Blue Apron

A real chef writing about Blue Apron and Co:

My deepest problem with meal kits, however, is that I worry they’re not teaching people how to cook, but are instead teaching them how to prepare meal kits. The recipe cards that came with some meal kit boxes sounded like word problems, full of measurements, times and temperatures, and if there’s anything I hate it’s this insistence on turning cooking into math.

Hear, hear! I love making long, complex dishes that have a million ingredients but this format just kills the joy for me.

And also this:

Chefs sample their dishes multiple times as they cook because cooking happens by taste and by eye, not by time and temperature.

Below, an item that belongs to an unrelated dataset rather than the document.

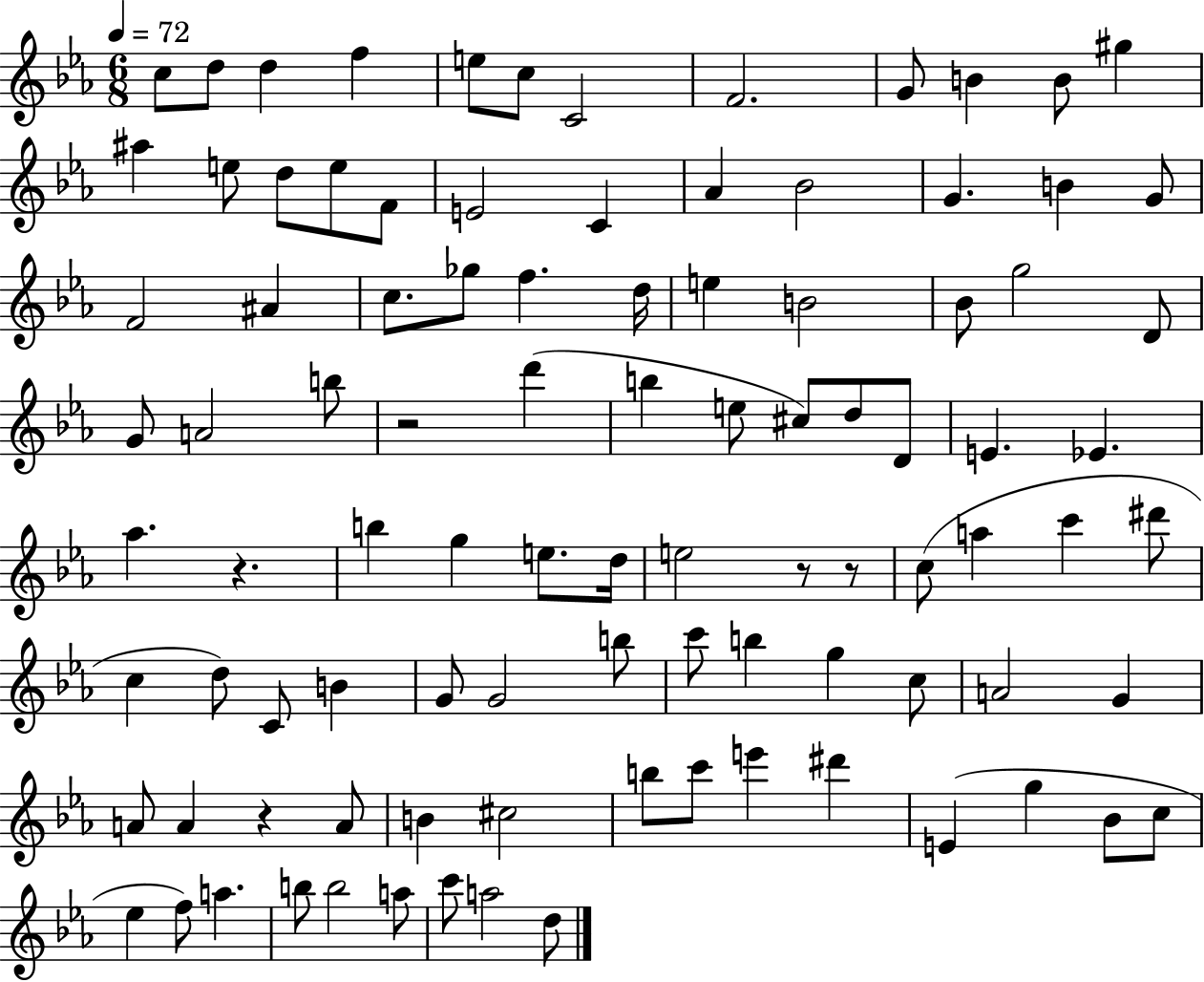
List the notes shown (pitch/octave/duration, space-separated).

C5/e D5/e D5/q F5/q E5/e C5/e C4/h F4/h. G4/e B4/q B4/e G#5/q A#5/q E5/e D5/e E5/e F4/e E4/h C4/q Ab4/q Bb4/h G4/q. B4/q G4/e F4/h A#4/q C5/e. Gb5/e F5/q. D5/s E5/q B4/h Bb4/e G5/h D4/e G4/e A4/h B5/e R/h D6/q B5/q E5/e C#5/e D5/e D4/e E4/q. Eb4/q. Ab5/q. R/q. B5/q G5/q E5/e. D5/s E5/h R/e R/e C5/e A5/q C6/q D#6/e C5/q D5/e C4/e B4/q G4/e G4/h B5/e C6/e B5/q G5/q C5/e A4/h G4/q A4/e A4/q R/q A4/e B4/q C#5/h B5/e C6/e E6/q D#6/q E4/q G5/q Bb4/e C5/e Eb5/q F5/e A5/q. B5/e B5/h A5/e C6/e A5/h D5/e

YES! You can’t cook well by disengaging from the process and placing a wall of numbers between you and what’s supposed to be a sensuous experience. Psychoanalysts recommend that very brainy people pick up cooking as a hobby to awaken the beaten-down intuitive, sensuous part of their psyche.

Weird People

I just received a large package from an organization called “Take Control of Your Diabetes” addressed to the former owner of our house. We’ve owned it for over 3 years, by the way. Three years! And he still hasn’t managed to find a way to redirect his diabetes supplies to his new address?

Now I get to schlep the box all the way to campus again to give it to him. This has been going on for years, folks. It’s not cute any more. And yes, of course, I told him to redirect, why does everybody ask me that? 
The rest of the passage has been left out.